Otann / morse

📡 Clojure interface for Telegram Bot API
Eclipse Public License 1.0
257 stars 48 forks source link

`polling/start` cannot signal when the updates channel is closed #28

Closed jonathanj closed 6 years ago

jonathanj commented 6 years ago

I have a problem where my bot no longer receive messages over Telegram, until I restart my application. This usually happens over long-ish period (about 24 hours) and I don't have the best Internet connection.

Reading the code for morse.polling it appears that morse.polling/start has no way to signal that it is no longer polling, and so a user will never know to call start again. create-consumer returns a channel that will contain exactly one result when the loop exits (as a result of updates being closed.) If start returned the result of create-consumer instead of the running channel, that will never be closed, it would be possible for user code to restart in the event of the polling loop dying:

(go-loop [ch  nil
          res nil]
  (if res
    (recur ch (<! ch))
    (recur (polling/start token api) true)))

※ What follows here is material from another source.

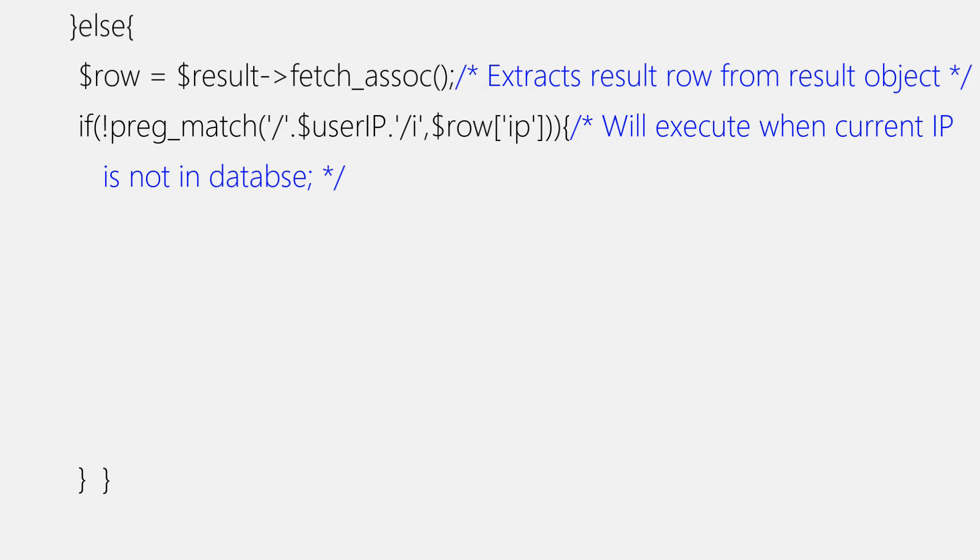For searching a current IP address in list of IP addresses, we're using preg_match function and row variable with IP as key to get IP addresses that were stored in the table. As you can see right here, it's pretty simple. preg_match function with user IP along with an insensitive case identifier and row IP address as the main string that we'll search into. But as it's negative condition, we'll need to add an exclamation mark right after starting of if bracket.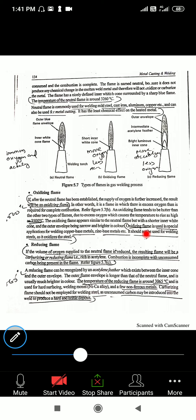The temperature of the neutral flame is around 3260 degrees Celsius. The neutral flame is commonly used for welding mild steel, cast iron, aluminium, copper, etc., and can also be used for metal cutting. It has the least chemical effect of heat treatment, so the temperature is comparatively less than the other flames.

I'm happy to submit a PR if you don't have time or the inclination to do this yourself, @Otann.

chiliec commented 6 years ago

Are u sure to it resolve a problem the best way? I know clojure a little bit, but I also know that @Otann said you need to catches exceptions in the handler (#17)

My solution:

(defonce telegram-poller (atom nil))

(defn -main
  [& args]
  (defn start
    []
    (go
      (try
        (reset! telegram-poller (p/start token bot-api))
        (catch Exception e
          (println (.getMessage e))
          (start)))))
  (start)
  (Thread/sleep Long/MAX_VALUE))

It works well, but it's definitely not a best practice too :)

jonathanj commented 6 years ago

@Chiliec I haven't been able to track down what causes the polling to stop, looking through my logs I don't see any exceptions that might cause this (although I might have missed it.)

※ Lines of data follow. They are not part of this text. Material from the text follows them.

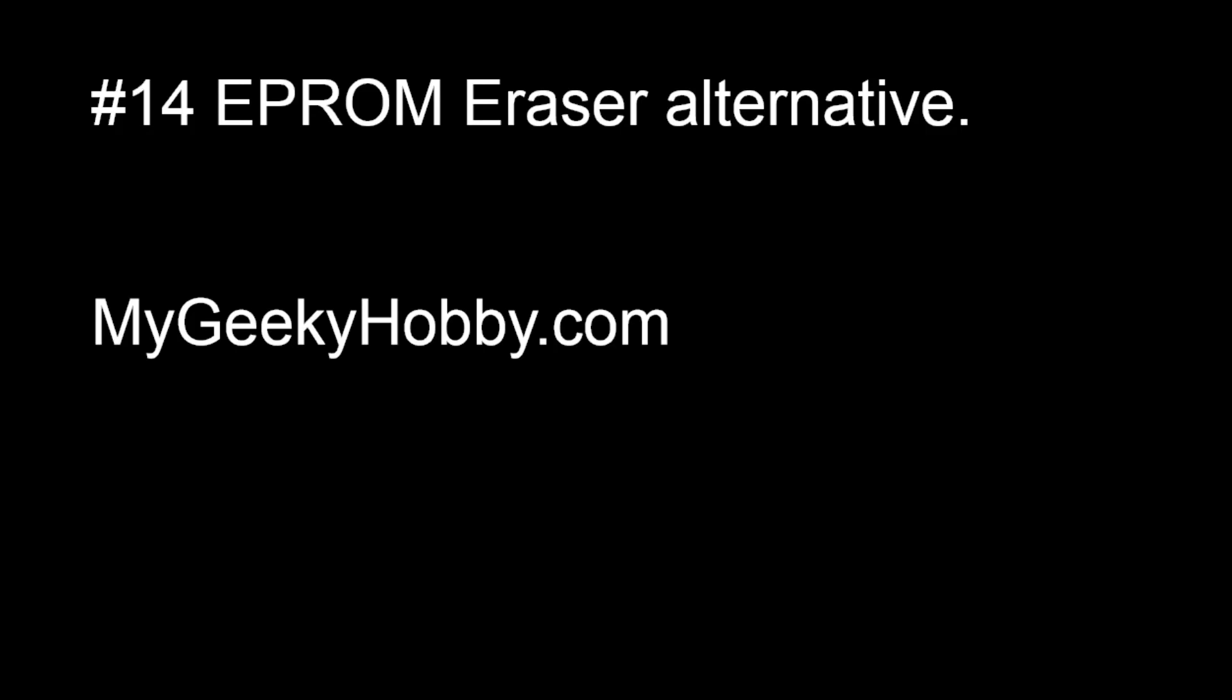Hello and thanks for tuning in. Today we'll be talking about EEPROM eraser alternatives.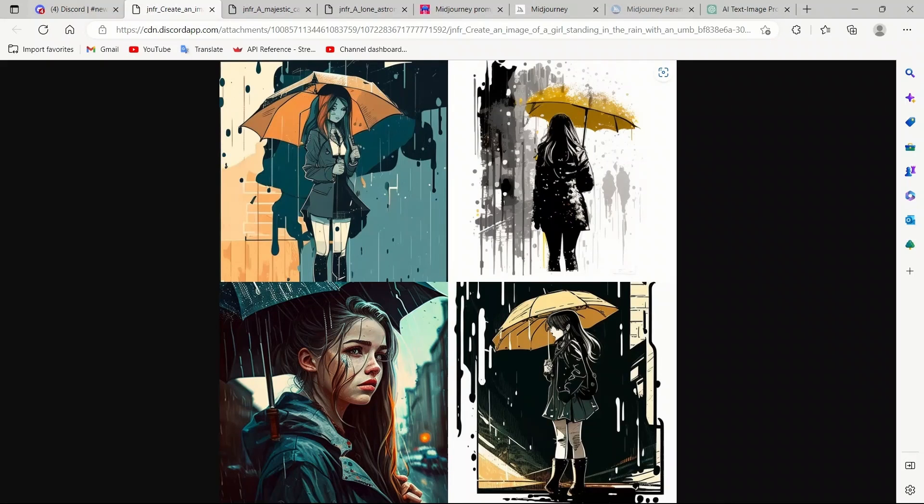These were just a few examples to show you how easy it is to generate these detailed prompts for Midjourney using ChatGPT. I'll provide the prompt in the description of the video. Play around with it and share your creations. I hope you liked the video. Please consider liking and subscribing. Thanks for watching. See you in the next one.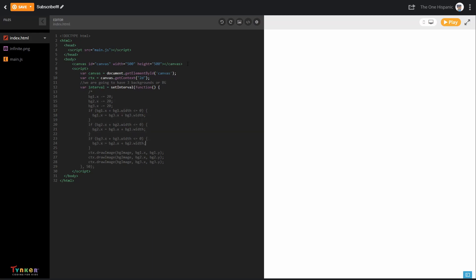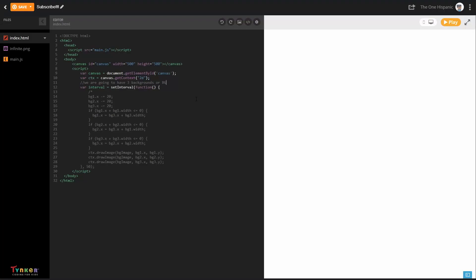We're going to have three backgrounds, abbreviated as BG. To explain how the scrolling works: we're going to have three backgrounds, and whenever one moves off to the side, we put it to the front. We're only going to see the first two backgrounds at any time, which makes it look infinite. We're giving the illusion of scrolling by taking the background that goes off-screen and moving it to the front every time.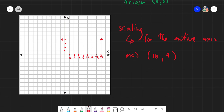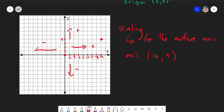A reminder: from the origin going up is always positive; from the origin going down is negative; from the origin to the right is positive; from the origin to the left is always negative. I hope plotting points will be easy for you, and I'll teach you one way that I plot points.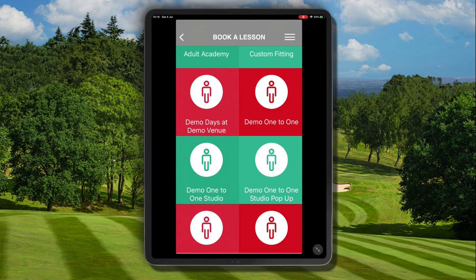In this video tutorial we're going to look at how you can apply a gift card code to a one-to-one lesson booking or class booking within the iOS app on your iPad or iPhone at your relevant academy.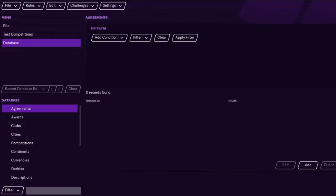Hi guys, this is RampantFM and today we're going to do a basic editor guide for FM 2021. Some of you are maybe a bit unsure on how to use it, so we're basically just going to go through the basic stuff of what you want to do. Nothing advanced today — pretty much the standard of what people use the editor for.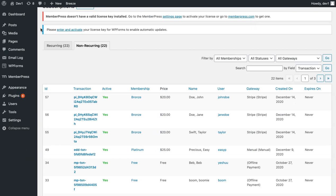That's how you set up our plugin for recurring MemberPress memberships. Thanks.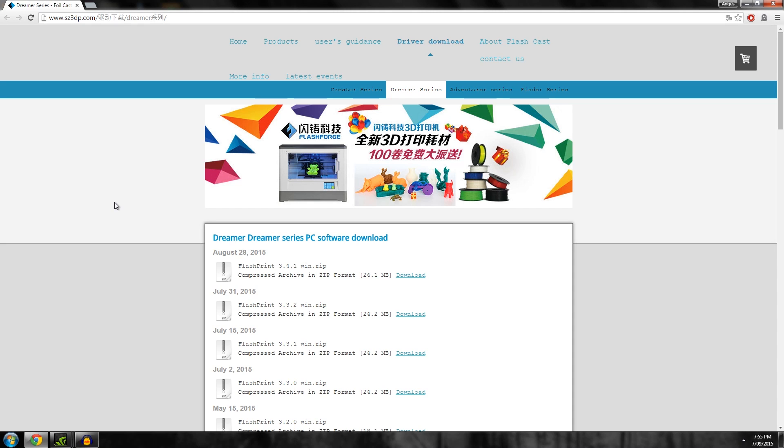Hello and welcome back to Maker's Muse, this is Angus. In this video I'll be going through the latest Flashprint software for the Flashforge Dreamer.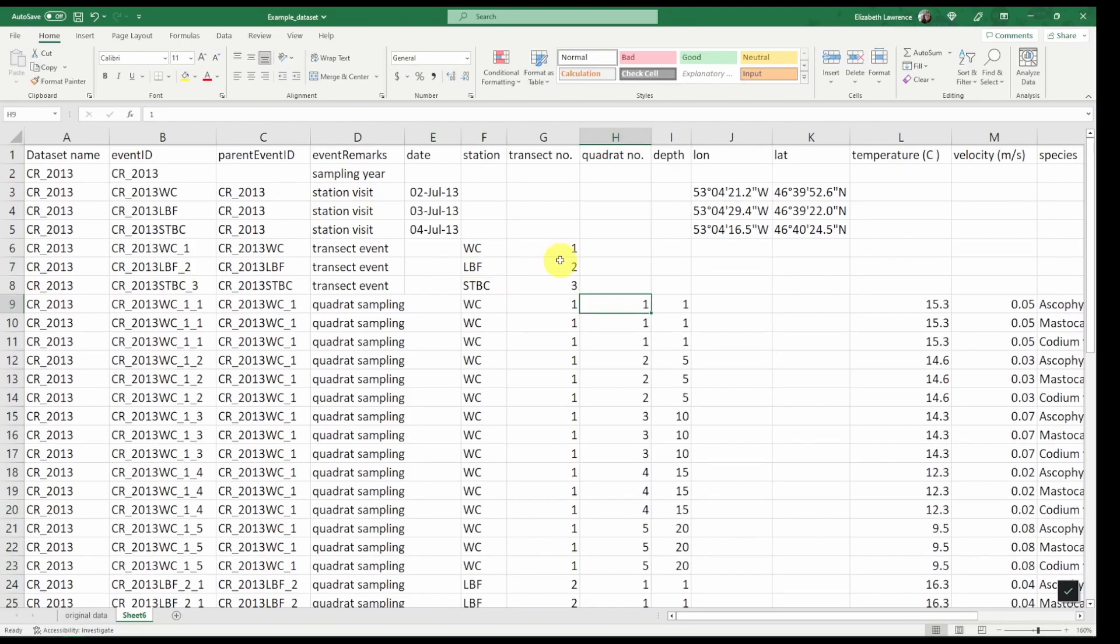So with all of our event and parent event IDs added, the next thing we want to do is make sure our coordinates and our events adhere to the correct standards. We'll look at this in the next two videos.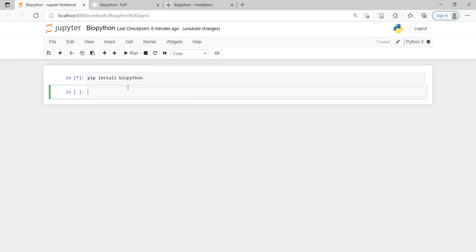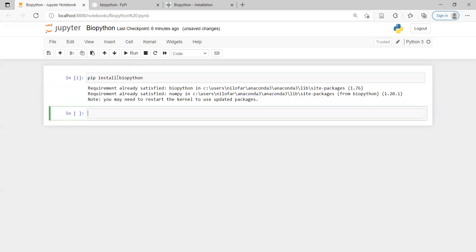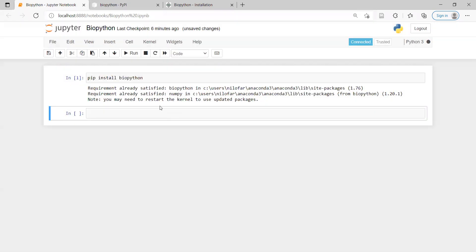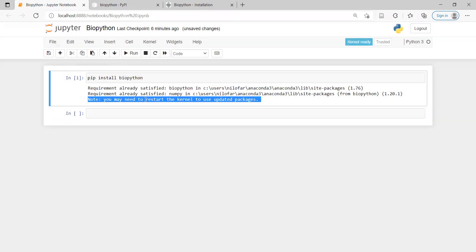Once you do that, you will see that it has started running and it has successfully installed in my system. Then I'm going to reset the kernel because it has been mentioned to do so, and I have done that.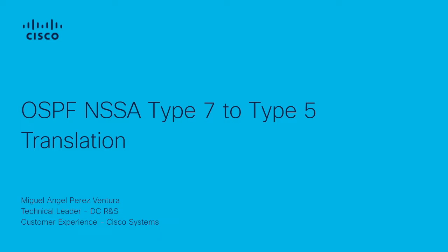Hello everyone, Miguel Perez here from the Data Center Routing and Switching Technical Leader team. Today I want to talk to you about the Type 7 to Type 5 translation that takes place when using NSSA areas in OSPF.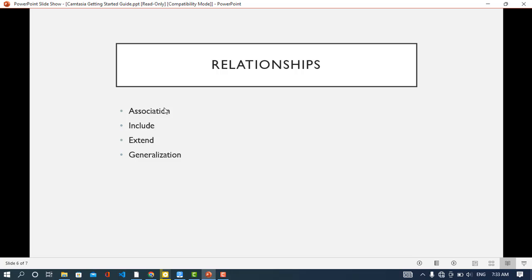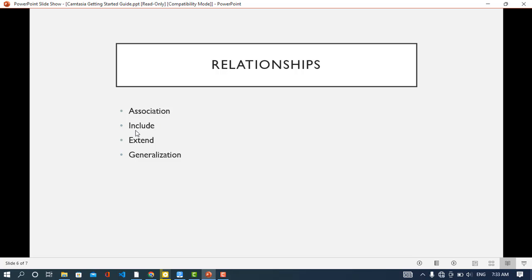We have four types of relationships: association, include, extend, and generalization. Association means there is a direct link between a use case and an actor — they interact directly with each other. Include is a dependency between a use case and an included use case, meaning whenever the use case is executed, the included case must also execute.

I think @Otann's advice in #17 is good but from reading the code it looks like it's possible for create-producer to close the updates channel (async/thread will return nil if its body throws an exception, for example) and thus stop polling, without informing the caller of start. Exceptions raised in an async/thread body are not catchable with try/catch outside of the thread body.

Otann commented 6 years ago

@jonathanj hello Jonathan! thank you for the request.

  1. would be especially interesting to see why polling has stopped. I think after #17 I've wrapped handling messages with a catch-all expression.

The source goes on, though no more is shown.